Changing the subject is also the theme in the controversial approval of Aduhelm for the treatment of Alzheimer's disease through the 'accelerated approval' pathway. The full story of the Aduhelm approval is very well captured in a New York Times article "How an Unproven Alzheimer's Drug Got Approved" and ‎NEJM Interview: Dr. Gil Rabinovici on the FDA’s controversial approval of a new treatment for Alzheimer’s disease. on Apple Podcasts

'Accelerated approval' is a valid pathway for approving a drug based on the surrogate endpoint without waiting for the results from the lengthy confirmatory trial to demonstrate the clinical benefit.  "Accelerated approval" was one of the regulatory approval pathways listed in FDA's guidance for industry "Expedited Programs for SeriousConditions – Drugs and Biologics"


Facing the mounting criticisms, FDA officials published the papers to defend their decision - Approval of Aduhelm through the 'accelerated approval' pathway is the right decision. They changed the subject here. Rather than arguing if approval of Aduhelm is the right decision, they argued if 'accelerated approval' is an appropriate approval pathway. 
The controversy is not about 'accelerated approval', it is about how the 'accelerated approval' is used in the approval of Aduhelm. 

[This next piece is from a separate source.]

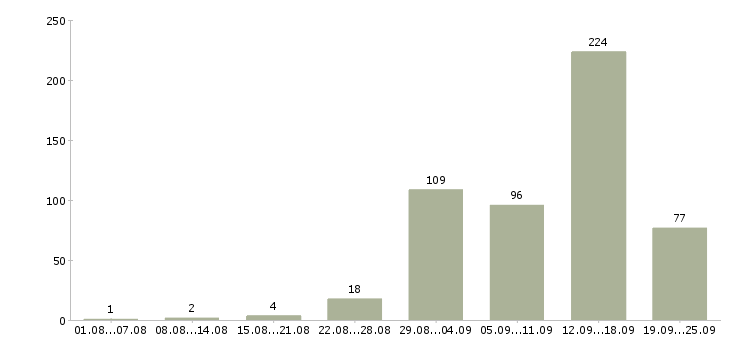 Работа дома в Калининграде - Число вакансий в Калининграде по специальности дома за 2 месяца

Accelerated approval is appropriate if the following qualifying criteria are met: 
  • Serious Condition
  • Meaningful Advantage Over Available Therapy
  • Demonstrates an Effect on an Endpoint That Is Reasonably Likely to Predict Clinical Benefit
In Aduhelm's situation, the third criterion was not met. The two confirmatory trials had already been completed and indicated the inclusive results in clinical benefit. There is no evidence to conclude the biomarker (beta-amyloid) will be 'reasonably likely to predict clinical benefit.' 

'Accelerated approval' is a valid pathway for drug approval for a serious condition, however, it can't be applied to a drug approval:
  • as a remedy approach (when clinical benefit had been shown to be inclusive)
  • retrospectively applied (when the lengthy confirmatory trials had already been completed)
  • against the pre-specification rule (i.e., accelerated approval pathway had been discussed and agreed with the agency prior to the BLA/NDA submission)
  • for pivotal studies that had been discontinued early due to futility 
  • based on results largely from the post-hoc, sub-group analyses
  • against the consensus objection from the FDA advisory committee members. 

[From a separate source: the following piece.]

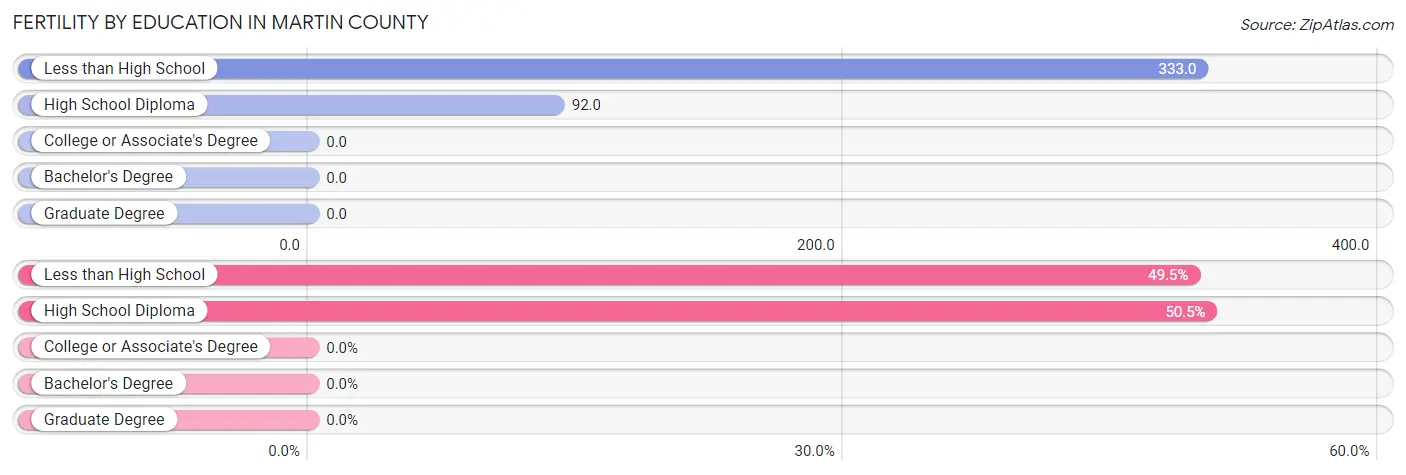 Female Fertility by Education Attainment in Martin County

No wonder there are so many controversies after FDA's decision to approve Aduhelm, The story is continuing,...
The New York Times (9/2, Belluck) reports two congressional committees “investigating the controversial federal approval of Biogen’s Alzheimer’s drug, Aduhelm [aducanumab], demanded extensive information and documents from the Food and Drug Administration in a letter released on Thursday, making it clear that the committees’ leaders are troubled by unusual actions the agency took in the course of evaluating and approving the drug.” The letter said the agency “granted accelerated approval for the drug despite concerns raised by experts – including the agency’s own staff’ and members of its independent advisory committee. ... We are also concerned by reports of unusual coordination between F.D.A. and Biogen throughout the drug’s approval process.” The Times adds, “While some Alzheimer’s experts did support the approval, given that there are so few therapies available for the devastating condition, many are concerned that the evidence does not convincingly show the drug can provide any benefit. There is also concern because the medication can cause brain swelling or brain bleeding.”
Afgan Withdrawal: the decision is right, execution is not!
Aduhelm Approval: accelerated approval is a valid pathway, the application of accelerated approval in Aduheml approval is not!